ESTHER ALCÂNTARA é natural de Monte Aprazível/SP, viveu por muito tempo em São Paulo/SP e atualmente reside em Salvador/BA. É graduada em Letras e especialista em Língua Portuguesa. Poeta, letrista e cronista, seus textos estão publicados em diversas antologias no Brasil e em Portugal. Também participa de sites e de revistas de literatura, como Mallarmargens, Cult, Ruído Manifesto, Escambau, Gueto, Ser MulherArte, entre outras. Trabalha na área editorial há mais de  27 anos - como editora e revisora de textos - e é proprietária da Carpe Librum Editora. Também se dedica à encadernação artesanal e participa de saraus.

Participação em coletâneas/antologias: Conexões Atlânticas - Antologia II (poesia, org. Adriana Mayrinck, In-Finita Lisboa/PT, 2018); A Mulher e o Livro - uma relação em prosa e verso (organizadora e editora, Carpe Librum/2019); Antologia Comemorativa Dia Internacional da Mulher Mulherio das Letras Portugal - Poesia (org. Adriana Mayrinck, In-Finita Lisboa/PT, 2019); Colectânea Mulherio das Letras Portugal - Poesia (org. Adriana Mayrinck, In-Finita Lisboa/PT, 2020); entre outras.

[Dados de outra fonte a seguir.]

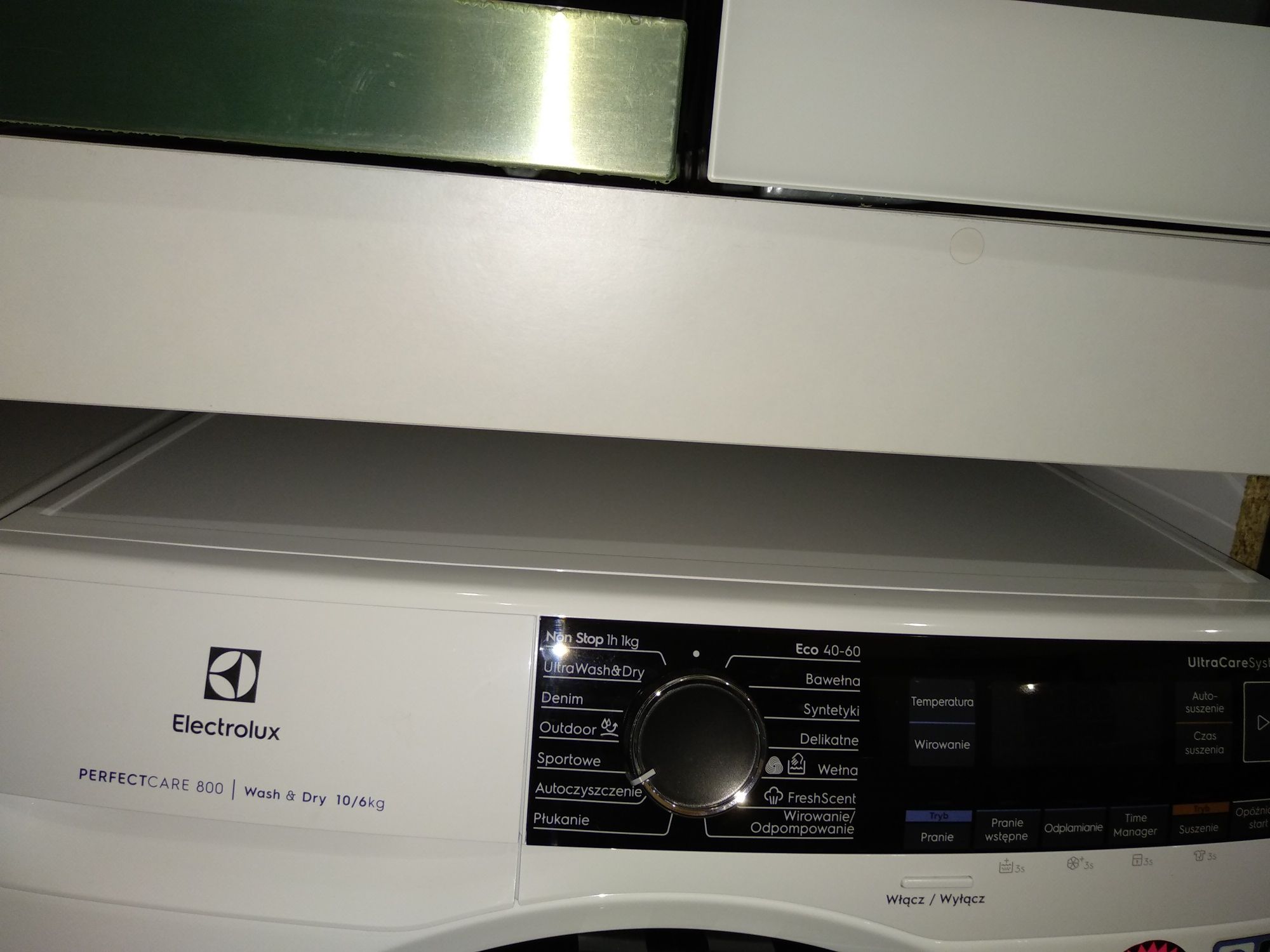 OUTLET Janki ul Wspólna 6 Pralko-suszarka Electrolux EW8W261BP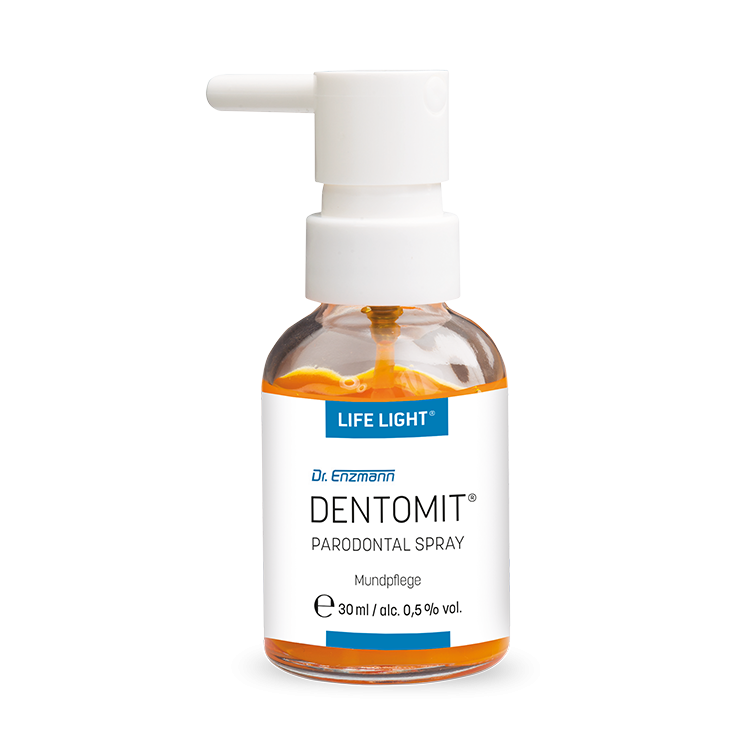 Dentomit® Q10 Parodontal Spray (30 ml) Dentomit® Q10 Parodontal Spray (30 ml)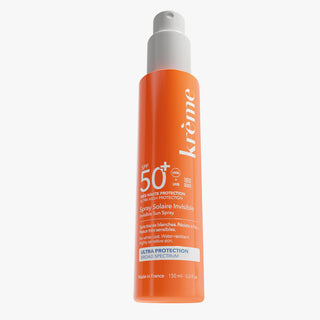 Krème Spray Solaire Invisible SPF 50 150mL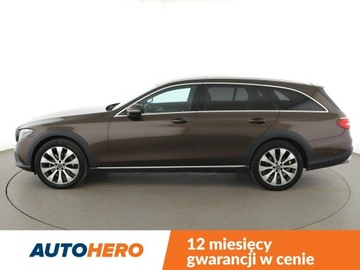Mercedes Klasa E W213 All-Terrain 2.0 220d 194KM 2018 Mercedes E 220 FV23% 4X4 Automat Navi Klimatyzacja, zdjęcie 1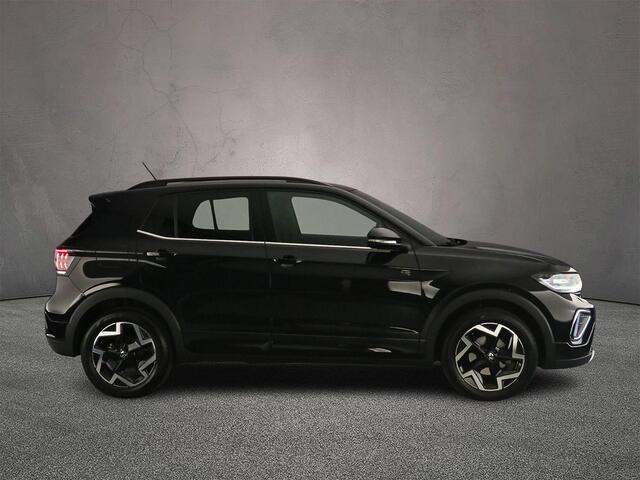 Volkswagen T-Cross R-Line 1.5 TSI 150pk DSG Automaat Trekhaak, Adaptive cruise control, Navigatie, Achteruitrijcamera, LED matrix koplampen, Parkeersensoren, Stoelverwarming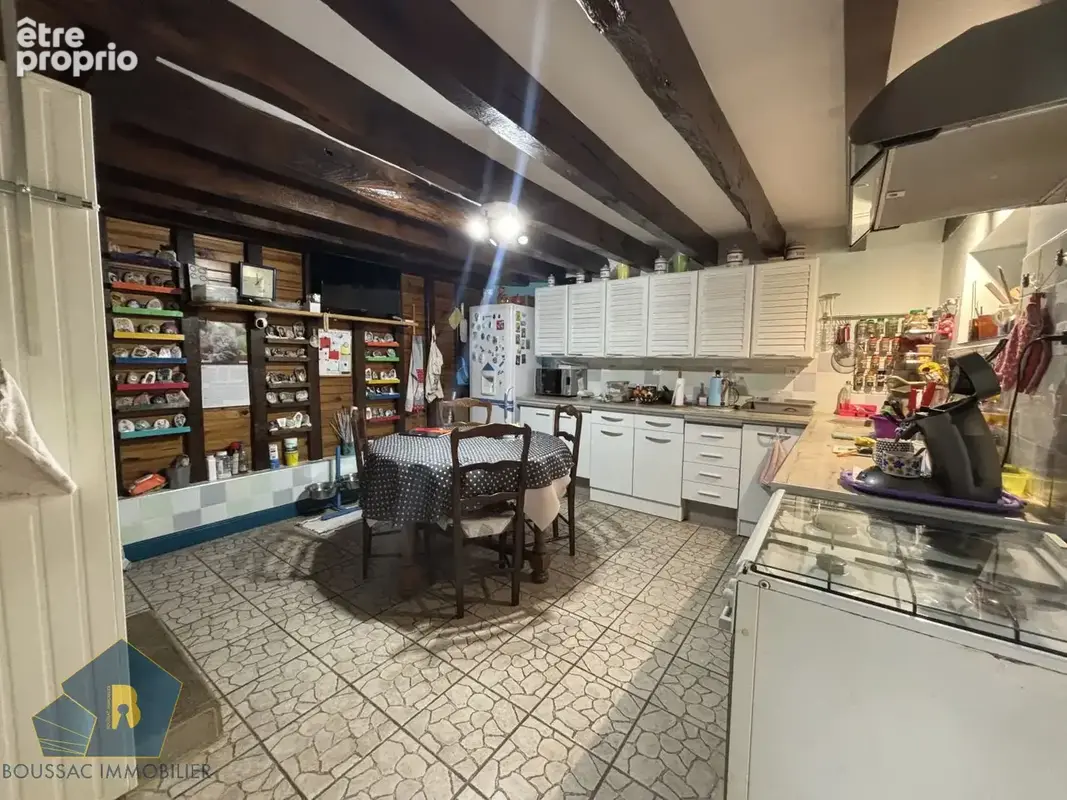 Maison 108 m² à Boussac  - photo 2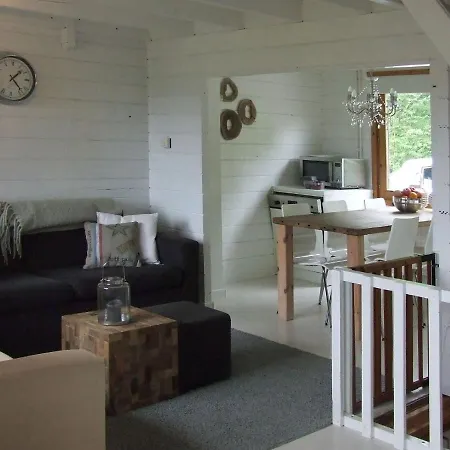 Relaxing Chalet In Dochamps With Swimming Pool And Terrace * Dochamps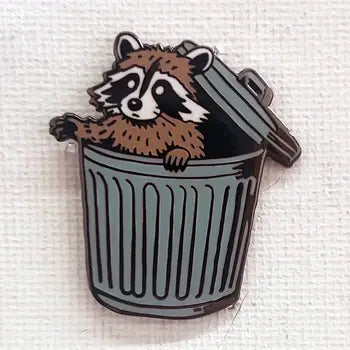 Strike Gently Pins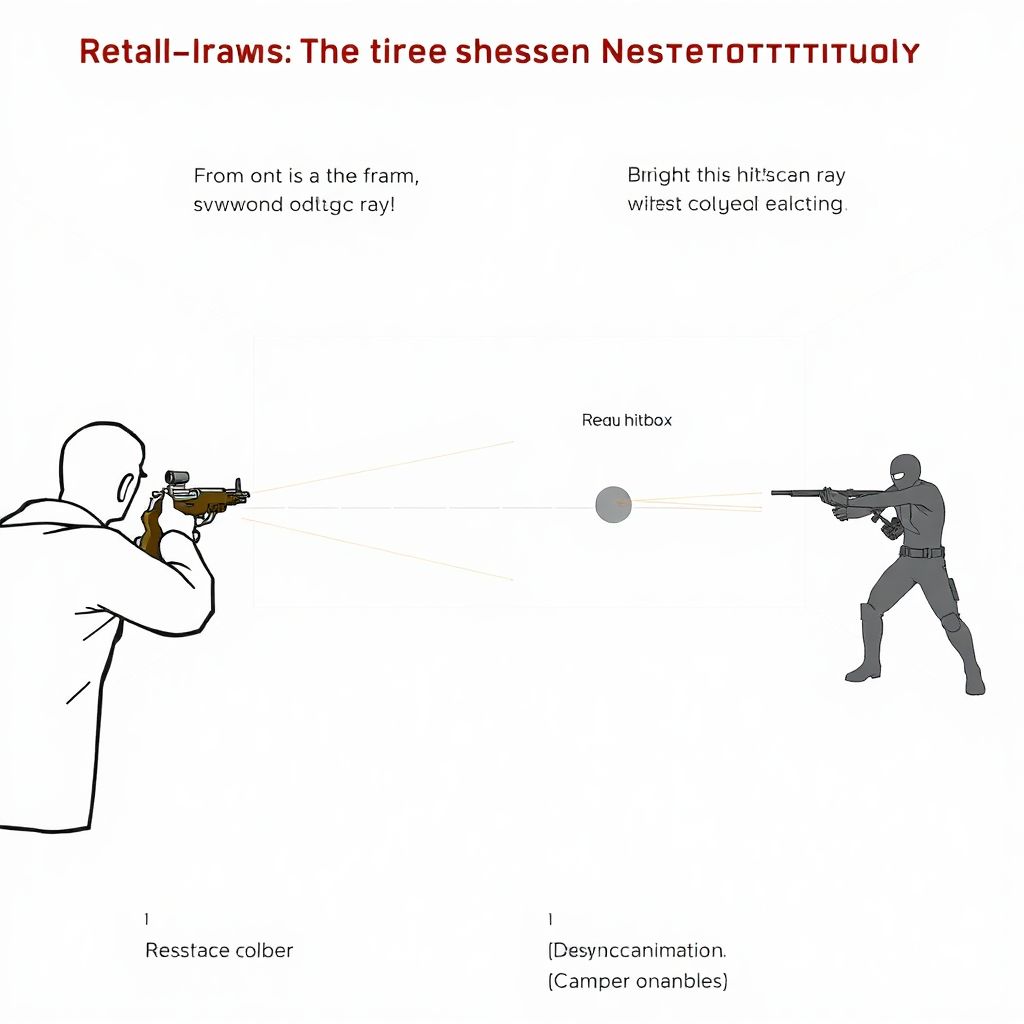 Визуализация атак: как снимаются лучи и траектории удара в поединке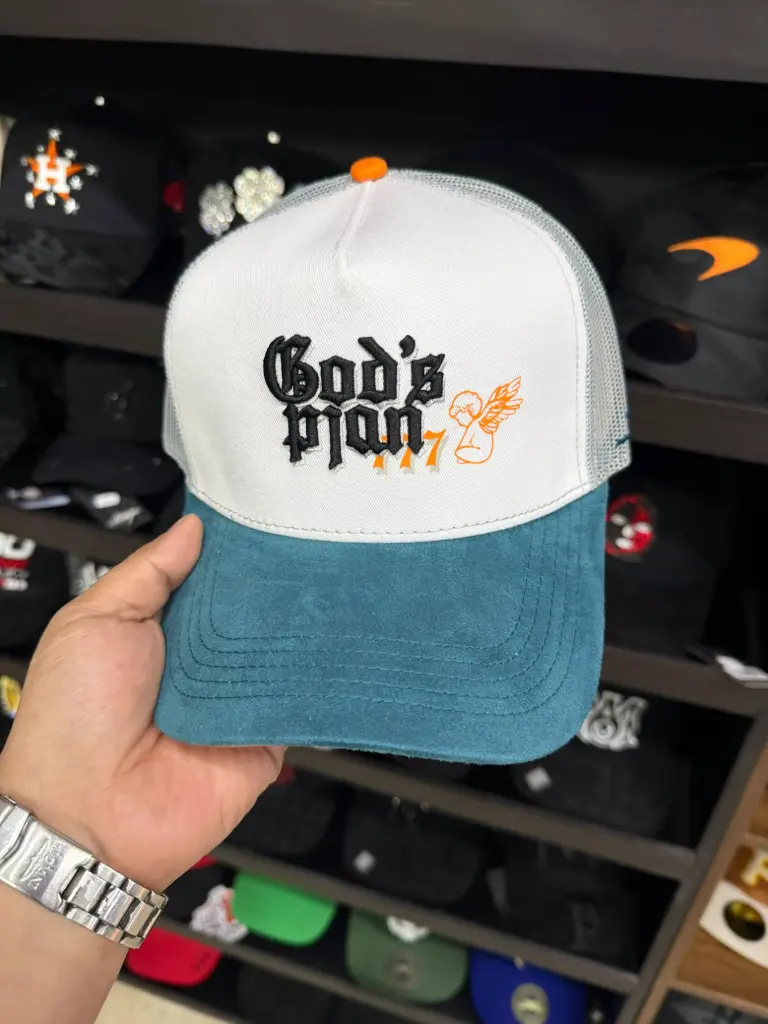 Gods Plan Jc hats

Livros publicados: Raízes (livro de artista participante  da exposição 'Entre a dobra e a obra: memórias', na Biblioteca Mário de Andrade/SP, 2015); Vinte poemas para serem lidos com lupa (minilivro de poesia, 2016);  Piracema (poesia, Carpe Librum/2017); Porque em relevo se revelava o verso (poesia, Carpe Librum/2021).